Les batteries électroniques.

Le principe même d’une batterie électronique est simple. Elles sont composées de pads en caoutchouc ou de fûts de faible profondeur dans lequel sont incorporés des capteurs (également appelés piezzo), comme les triggers, ils vont détecter les frappes données sur la surface externe du pad et les transformer en signal électrique.

On retrouve nos deux fabricants principaux : Roland et Yamaha, ces 2 géants proposent chacun des modèles adaptés à chaque besoin : Pour l’entrée de gamme on trouve chez Roland le kit TD3 composé de 3 pads caoutchouc, un pad grosse caisse, 1 pad « mini fût » à peaux maillée pour la caisse claire et du module TD3. De très bonne fabrication, ce kit a pour avantage de proposer une caisse claire avec 2 zones de frappe (la 2eme étant le rim shot), des cymbales « choke » qui permettent d’étouffer le son et un pad grosse caisse permettant l’utilisation d’une double pédale. Chez Yamaha, on trouve la DTXplorer composée de 5 pads caoutchouc, 1 pad grosse caisse, 2 pads cymbales et le module DTXplorer. Toujours dans les entrées de gamme, on peut signaler l’existence de modèles à bas prix commercialisés par les supermarchés allemands sous les marques Millenium, Fame et autres. La MPS 300 de Millenium (marque propre à Thomann) peut être un très bon compromis pour les petits budgets. En effet, ici tous les pads sont des ‘‘mini fûts’’, certes de moins bonnes qualités, mais contrairement aux modèles de chez Yamaha et Roland, ils sont facilement améliorables. Rien ne vous empêche de démonter le pad, enlever le caoutchouc sur lequel est collé le piezzo, mettre des peaux maillées, des triggers et vous y gagnez en confort de jeu et en niveau sonore. Ces batteries sont compatibles avec n’importe quel module.
Dans le milieu de gamme, on retrouvera chez Roland le kit TD6KV qui reprend la base du TD3. Sur ce kit, tous les pads sont 2 zones et la caisse claire passe à 3 zones de frappe. Chez Yamaha, les DTXpress III et III spécial font office de milieu de gamme, les pads sont toujours en caoutchouc. La différence entre les 2 kits se situe au niveau des pads qui vont jusqu’à 3 zones de frappe.

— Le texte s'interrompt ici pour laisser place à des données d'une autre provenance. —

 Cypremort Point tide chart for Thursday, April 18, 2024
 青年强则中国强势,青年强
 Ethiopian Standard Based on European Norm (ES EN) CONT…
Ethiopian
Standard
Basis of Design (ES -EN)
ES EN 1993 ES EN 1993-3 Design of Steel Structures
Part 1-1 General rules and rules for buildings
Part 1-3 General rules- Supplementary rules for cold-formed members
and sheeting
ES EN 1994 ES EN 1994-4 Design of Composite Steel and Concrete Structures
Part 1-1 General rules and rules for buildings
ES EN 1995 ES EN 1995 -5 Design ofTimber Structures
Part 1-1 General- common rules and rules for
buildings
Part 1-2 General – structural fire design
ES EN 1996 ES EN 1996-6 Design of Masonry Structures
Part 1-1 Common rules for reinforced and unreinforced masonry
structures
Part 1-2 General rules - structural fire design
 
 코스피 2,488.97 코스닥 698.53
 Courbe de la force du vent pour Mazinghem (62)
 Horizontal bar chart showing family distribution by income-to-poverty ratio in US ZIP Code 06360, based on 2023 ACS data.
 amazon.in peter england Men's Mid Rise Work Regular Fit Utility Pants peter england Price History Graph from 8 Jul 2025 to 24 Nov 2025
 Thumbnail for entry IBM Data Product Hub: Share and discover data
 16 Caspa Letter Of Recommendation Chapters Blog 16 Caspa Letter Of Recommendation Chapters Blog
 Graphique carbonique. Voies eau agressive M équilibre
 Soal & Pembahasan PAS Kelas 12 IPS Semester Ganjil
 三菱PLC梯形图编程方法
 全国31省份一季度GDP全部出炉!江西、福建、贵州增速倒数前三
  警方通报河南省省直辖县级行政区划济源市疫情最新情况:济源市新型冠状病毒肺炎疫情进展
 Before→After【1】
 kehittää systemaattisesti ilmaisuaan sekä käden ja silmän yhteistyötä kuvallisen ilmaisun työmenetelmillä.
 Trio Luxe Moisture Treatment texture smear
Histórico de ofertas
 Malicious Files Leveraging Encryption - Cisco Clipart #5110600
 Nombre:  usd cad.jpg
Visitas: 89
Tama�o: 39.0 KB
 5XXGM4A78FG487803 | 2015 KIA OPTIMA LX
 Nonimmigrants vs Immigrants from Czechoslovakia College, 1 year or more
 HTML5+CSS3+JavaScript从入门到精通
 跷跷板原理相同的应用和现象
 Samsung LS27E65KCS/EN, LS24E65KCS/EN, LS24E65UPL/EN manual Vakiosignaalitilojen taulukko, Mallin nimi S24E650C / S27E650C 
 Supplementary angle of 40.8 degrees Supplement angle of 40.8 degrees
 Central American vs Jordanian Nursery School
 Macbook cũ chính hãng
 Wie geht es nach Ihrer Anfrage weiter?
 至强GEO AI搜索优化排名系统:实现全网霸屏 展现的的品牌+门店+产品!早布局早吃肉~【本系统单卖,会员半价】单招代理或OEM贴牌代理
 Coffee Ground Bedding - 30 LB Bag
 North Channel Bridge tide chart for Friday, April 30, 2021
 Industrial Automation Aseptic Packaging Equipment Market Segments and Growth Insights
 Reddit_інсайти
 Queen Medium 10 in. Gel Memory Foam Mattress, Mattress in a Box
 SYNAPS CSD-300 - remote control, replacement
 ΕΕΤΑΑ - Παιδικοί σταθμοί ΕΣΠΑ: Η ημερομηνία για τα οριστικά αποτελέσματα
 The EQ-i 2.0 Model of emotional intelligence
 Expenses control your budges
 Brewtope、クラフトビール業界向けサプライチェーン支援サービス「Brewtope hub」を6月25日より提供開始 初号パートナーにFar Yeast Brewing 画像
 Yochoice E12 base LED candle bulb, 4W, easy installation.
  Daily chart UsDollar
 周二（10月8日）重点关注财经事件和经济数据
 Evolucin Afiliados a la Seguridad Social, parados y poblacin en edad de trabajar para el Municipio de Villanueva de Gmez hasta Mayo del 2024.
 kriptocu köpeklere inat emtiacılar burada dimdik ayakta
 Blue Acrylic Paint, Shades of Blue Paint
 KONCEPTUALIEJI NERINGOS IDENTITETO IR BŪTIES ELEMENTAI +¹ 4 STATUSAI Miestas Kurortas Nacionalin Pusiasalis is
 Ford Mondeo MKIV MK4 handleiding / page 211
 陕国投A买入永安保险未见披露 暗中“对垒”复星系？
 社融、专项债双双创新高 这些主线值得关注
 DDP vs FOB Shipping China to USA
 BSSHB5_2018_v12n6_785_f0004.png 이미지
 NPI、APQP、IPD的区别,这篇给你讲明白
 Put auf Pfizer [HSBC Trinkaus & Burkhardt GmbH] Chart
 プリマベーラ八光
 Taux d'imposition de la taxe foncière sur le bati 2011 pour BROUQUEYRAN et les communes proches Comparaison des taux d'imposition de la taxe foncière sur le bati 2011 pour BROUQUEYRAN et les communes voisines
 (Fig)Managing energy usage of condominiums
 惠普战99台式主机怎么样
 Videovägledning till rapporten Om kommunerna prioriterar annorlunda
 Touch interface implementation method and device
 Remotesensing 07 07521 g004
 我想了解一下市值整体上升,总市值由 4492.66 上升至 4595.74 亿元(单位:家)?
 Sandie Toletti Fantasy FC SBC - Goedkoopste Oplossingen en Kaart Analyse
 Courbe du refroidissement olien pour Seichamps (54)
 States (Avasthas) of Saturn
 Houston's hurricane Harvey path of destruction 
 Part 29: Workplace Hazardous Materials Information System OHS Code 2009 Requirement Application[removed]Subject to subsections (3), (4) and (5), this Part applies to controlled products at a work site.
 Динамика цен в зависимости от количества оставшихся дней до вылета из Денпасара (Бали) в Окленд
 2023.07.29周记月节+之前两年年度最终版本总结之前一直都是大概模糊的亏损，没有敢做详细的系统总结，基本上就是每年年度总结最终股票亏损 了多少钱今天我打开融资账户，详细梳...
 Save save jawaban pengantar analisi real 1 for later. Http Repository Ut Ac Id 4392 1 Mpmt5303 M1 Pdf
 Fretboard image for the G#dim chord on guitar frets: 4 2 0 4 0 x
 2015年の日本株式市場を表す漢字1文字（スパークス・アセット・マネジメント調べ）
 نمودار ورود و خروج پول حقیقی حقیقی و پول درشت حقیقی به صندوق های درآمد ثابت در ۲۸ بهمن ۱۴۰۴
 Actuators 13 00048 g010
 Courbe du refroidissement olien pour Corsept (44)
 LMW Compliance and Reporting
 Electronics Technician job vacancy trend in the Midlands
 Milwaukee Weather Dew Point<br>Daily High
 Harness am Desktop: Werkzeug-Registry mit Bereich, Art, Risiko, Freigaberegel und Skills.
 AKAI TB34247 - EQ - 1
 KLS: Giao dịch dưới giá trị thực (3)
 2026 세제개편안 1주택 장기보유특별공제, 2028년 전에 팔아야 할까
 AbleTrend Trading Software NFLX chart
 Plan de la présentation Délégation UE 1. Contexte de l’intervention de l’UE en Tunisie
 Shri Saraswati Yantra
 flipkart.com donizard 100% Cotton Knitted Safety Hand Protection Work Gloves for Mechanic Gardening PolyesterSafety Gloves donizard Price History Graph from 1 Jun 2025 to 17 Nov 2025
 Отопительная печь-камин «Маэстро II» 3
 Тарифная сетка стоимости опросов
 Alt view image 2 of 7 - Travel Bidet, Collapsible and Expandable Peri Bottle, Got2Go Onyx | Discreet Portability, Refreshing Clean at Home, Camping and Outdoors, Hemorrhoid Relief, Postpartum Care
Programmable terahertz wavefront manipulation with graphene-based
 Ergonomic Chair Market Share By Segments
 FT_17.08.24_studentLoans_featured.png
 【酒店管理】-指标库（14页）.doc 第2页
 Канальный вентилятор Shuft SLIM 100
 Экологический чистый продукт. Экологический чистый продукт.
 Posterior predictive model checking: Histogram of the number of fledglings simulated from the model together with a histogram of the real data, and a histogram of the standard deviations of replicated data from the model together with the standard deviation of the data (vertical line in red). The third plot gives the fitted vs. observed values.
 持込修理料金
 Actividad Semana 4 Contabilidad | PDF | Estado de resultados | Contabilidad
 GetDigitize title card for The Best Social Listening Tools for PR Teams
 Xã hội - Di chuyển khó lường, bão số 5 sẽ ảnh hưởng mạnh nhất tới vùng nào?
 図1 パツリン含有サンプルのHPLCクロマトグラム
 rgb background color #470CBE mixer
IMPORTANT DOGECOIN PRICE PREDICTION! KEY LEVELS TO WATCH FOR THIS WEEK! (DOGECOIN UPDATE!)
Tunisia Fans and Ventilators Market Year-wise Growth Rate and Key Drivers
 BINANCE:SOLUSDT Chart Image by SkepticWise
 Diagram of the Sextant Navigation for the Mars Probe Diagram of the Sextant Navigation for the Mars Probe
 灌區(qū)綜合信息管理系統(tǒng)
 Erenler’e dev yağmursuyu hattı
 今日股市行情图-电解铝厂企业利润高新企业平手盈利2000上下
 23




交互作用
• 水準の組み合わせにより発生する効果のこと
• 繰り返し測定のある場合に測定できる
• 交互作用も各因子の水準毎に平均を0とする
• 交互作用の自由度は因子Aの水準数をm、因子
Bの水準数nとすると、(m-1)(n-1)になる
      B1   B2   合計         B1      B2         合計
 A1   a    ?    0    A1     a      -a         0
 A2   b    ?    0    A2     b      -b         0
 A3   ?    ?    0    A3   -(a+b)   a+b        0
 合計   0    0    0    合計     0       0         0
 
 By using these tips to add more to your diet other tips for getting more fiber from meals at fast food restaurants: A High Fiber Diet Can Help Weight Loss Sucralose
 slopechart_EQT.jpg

On passe désormais dans le haut de gamme avec celui qui tient le haut du pavé chez Yamaha le DTXtreme IIs. On reste dans le système de pad en caoutchouc, ceux-ci sont désormais réglables et le pad caisse claire bénéficie d’un système de réglage de timbre.



Les 2 kits qui font la renommée de Roland, j’ai nommé le TD12K et le célèbre (et hors de prix) TD20K, sont de formidables instruments. Les pads sont équipés de peaux maillées, le charley se positionne sur un vrai pied et est composé de 2 cymbales. Comme toujours, le kit est fourni avec son module correspondant. Signalons également l’existence d’un kit qui fait aussi fantasmer bien des batteurs, le Ddrum 4. Le fabricant du plus vendu des triggers vous propose un modèle haut de gamme composé de pads ‘‘mini fûts’’ sur lequel sont montées des peaux maillées et devinez quoi ? des triggers ddrum ! Les cymbales sont de très bonnes qualités et le charley est une des références sur le marché ! Ce kit est proposé avec le module Ddrum 4 ou le DDrum4 SE.

Pour plus d’informations sur tous ces kits, n’hésitez pas à visiter leurs sites internet, vous pourrez y retrouver les capacités techniques de chaque kit et parfois une démo de sons disponibles dans le module.

Toujours pour vous aider à bien choisir, voici les prix de différents kits :

Millenium MPS 300 + Alesis DM5 : 615 € Yamaha DTXplorer : 793 € Roland TD3 : 964 € Yamaha DTXpress : 1546 €



Les multipads

Ok, vous aimeriez ajouter quelques touches électroniques à vos rythmiques sans vous encombrer d’une batterie électro ? Pas de problème, c’est un multipad qu’il vous faut !
Comme son nom l’indique, un multipad est un support regroupant plusieurs zones de frappe distinctes. En gros c’est une batterie électronique condensée puisque les pads et le module sont fondus en un seul appareil.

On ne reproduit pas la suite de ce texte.